**WHAT THIS TASK INVOLVES:**
The required output is an exact restatement of the lines, starting with the one that contains "Estila Moderní barokní" and finishing with the last line of the listing. It contains no pictures.

[Start of Attachment]

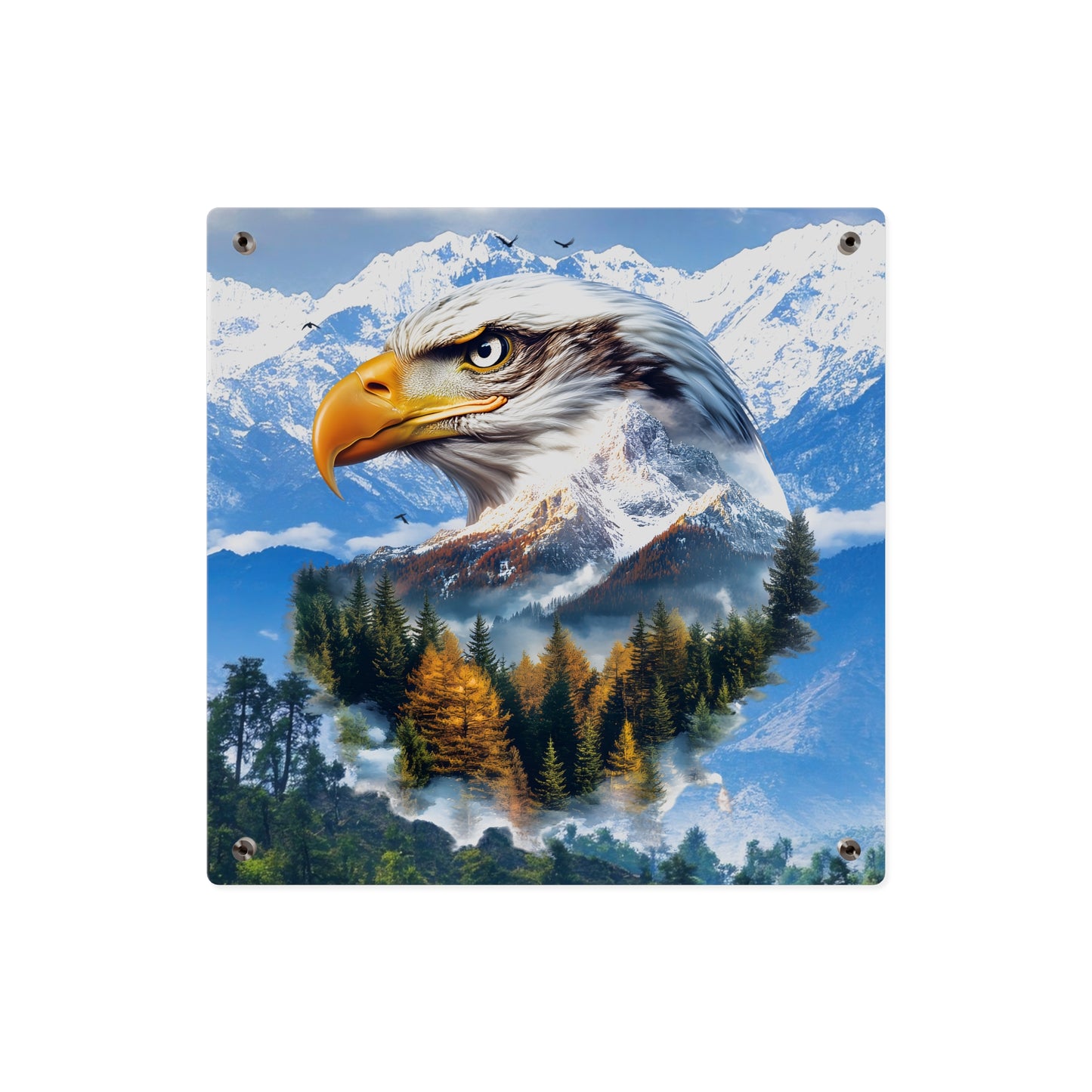 Eagle Mountain Acrylic Wall Art Panel — Patriotic Wilderness Landscape Decor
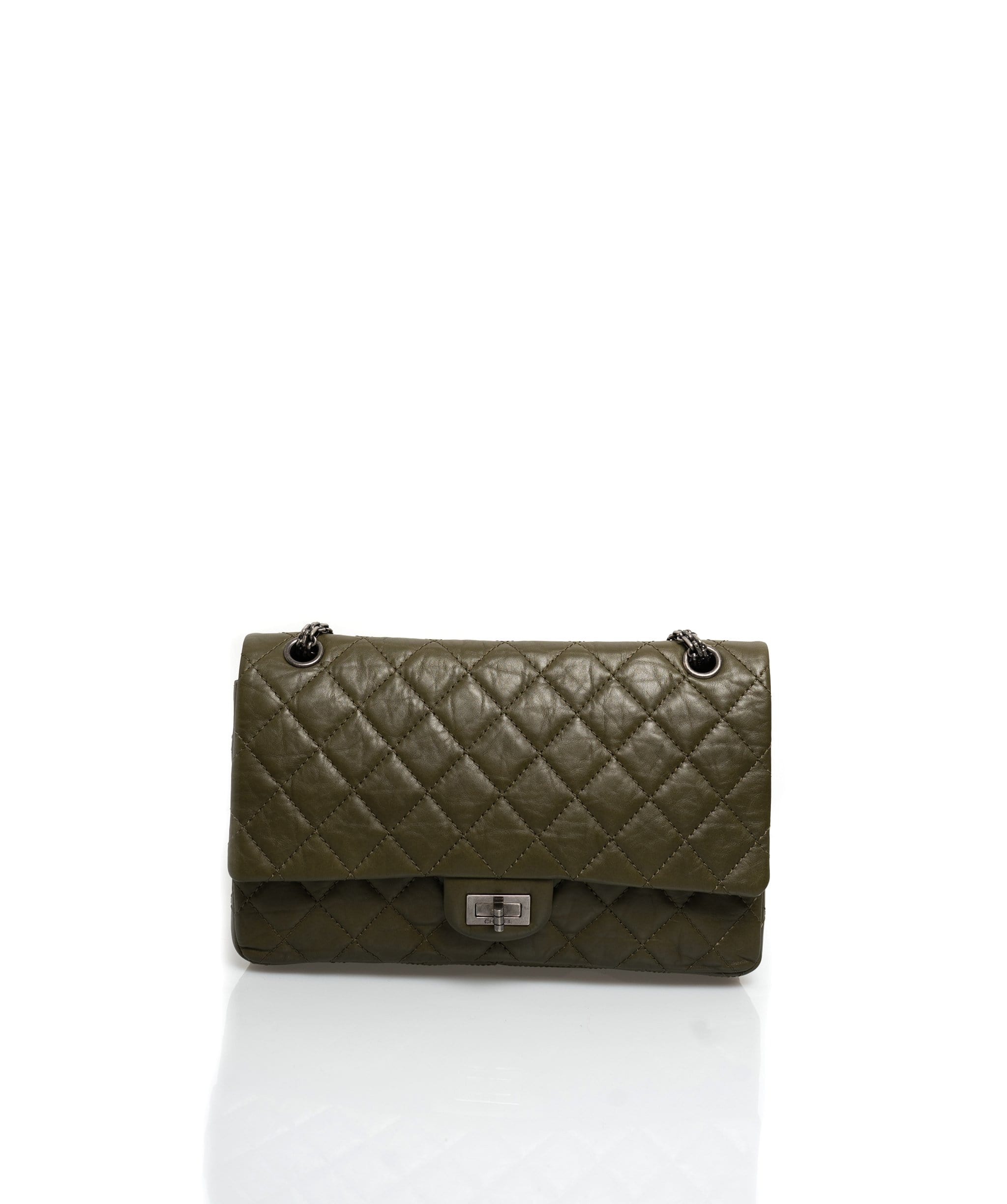 Chanel 2.55 Reissue Khaki Double Flap Bag 227- ADL1375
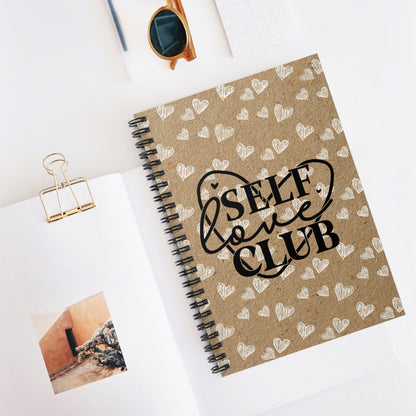 Beautiful Spiral Kraft Notebook Design, Lined Journal, Cute Heart Doodle with Self Care Quote, Self Love Club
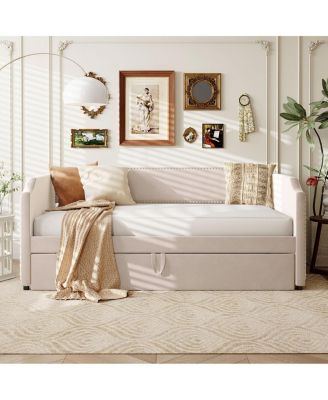 Twin Size Velvet Upholstered Daybed with Pop Up Trundle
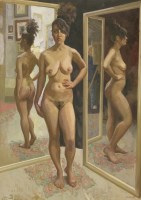Lot 277 - James Horton (b.1948)
STANDING NUDE WITH MIRRORS
Signed and dated '90 l.r.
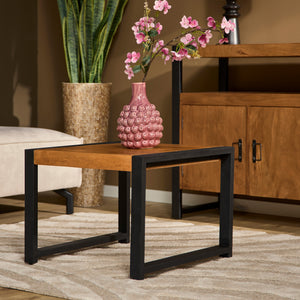 Side table – Modern design, natural color, mango wood and metal – Boaz | Starfurn
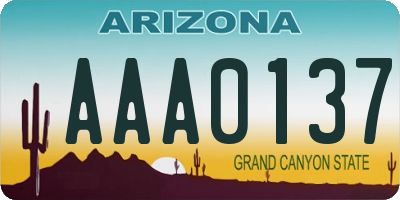 AZ license plate AAA0137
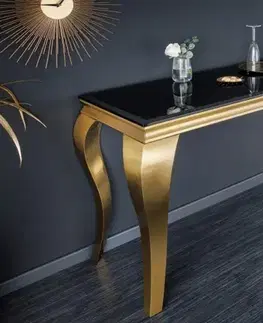 Estila Moderní barokní konzole do předsíně Gold Barock zlatá/černá opálové sklo 140cm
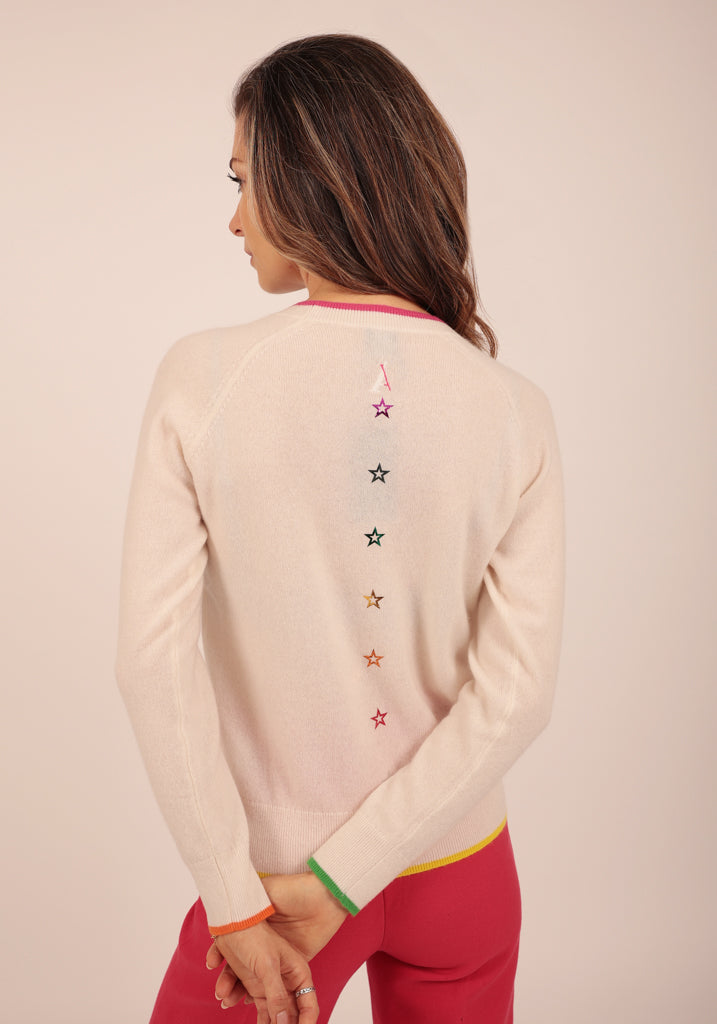 Hendon Natural Crew Neck with Small Foil Stars - Adeela Salehjee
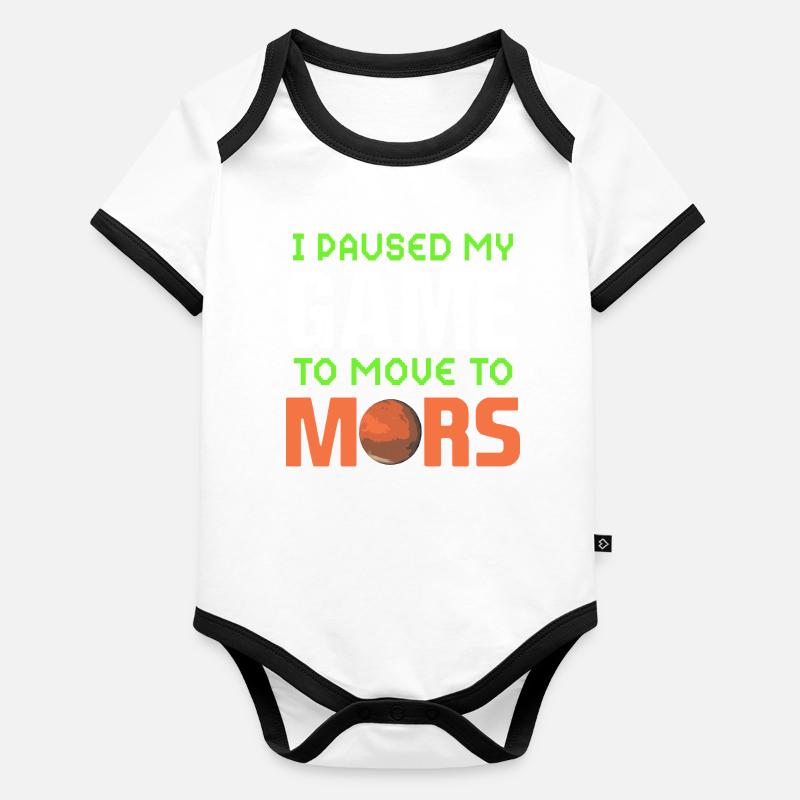 Mars planète espace fusée vintage Body Bébé bio contrasté manches courtes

[End of Attachment]

**EXPECTED OUTPUT:**
 Estila Moderní barokní konzole do předsíně Gold Barock zlatá/černá opálové sklo 140cm
 Hendon Natural Crew Neck with Small Foil Stars - Adeela Salehjee
 Mars planète espace fusée vintage Body Bébé bio contrasté manches courtes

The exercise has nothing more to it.